İçişleri Bakanı Süleyman Soylu TRT Kurdi’de: İşimiz bitti
İçişleri Bakanı Süleyman Soylu, İstanbul Büyükşehir Belediyesi’ne yönelik soruşturmayla ilgili olarak, “Bizim derdimiz kayyum atamak değil zaten böyle bir derdimiz de yok. terör unsurundan arındırmak için oraya bir terör unsuru koyuyorsunuz.”

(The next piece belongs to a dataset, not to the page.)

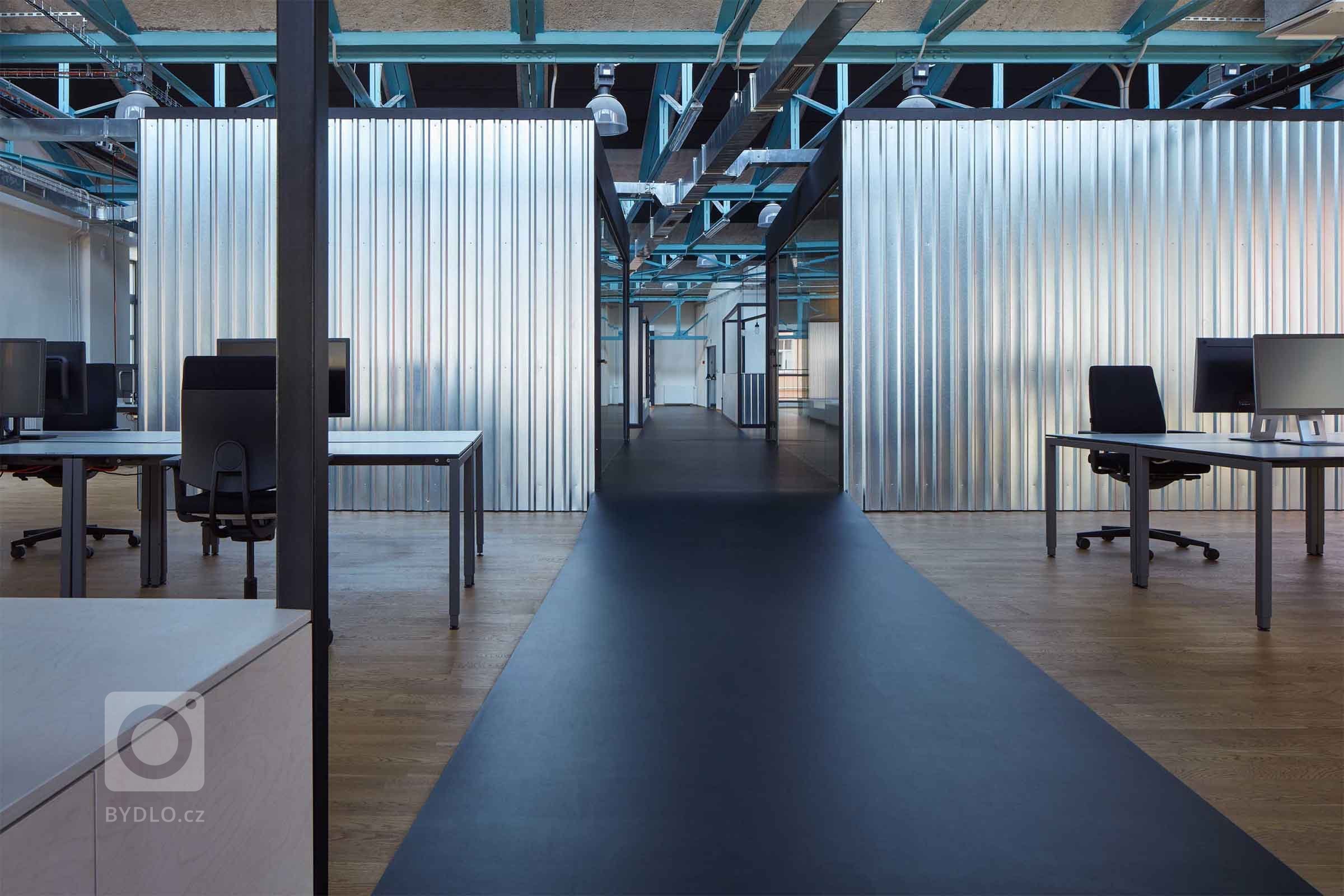 Ocenění Kanceláře roku 2018


Jak skloubit německou preciznost a českou živelnost? Nové administrativní prostory pro pražskou pobočku jedné z největších…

Süleyman Soylu, TRT Kurdi’de gündeme ilişkin değerlendirmelerde bulundu ve soruları yanıtladı. Soylu’nun konuşmasından satır başları şöyle:
HAKEM HİZMET GETİRDİ: İnsanlar kayyum atanmasından gerçekten çok memnun. Neden? Niye? Daha önceki belediyeler hizmet vermiyordu ama yıllardır ihmal edilen birçok hizmet kayyum aracılığıyla geldi. Bu pozitif konsepte dönüşme sürecini ele almak istiyorum. İkincisi İstanbul Büyükşehir Belediyesi ile ilgili gündemde olan kayyum süreci, bu da çok gündemde, görüşlerinizi merak ediyorum.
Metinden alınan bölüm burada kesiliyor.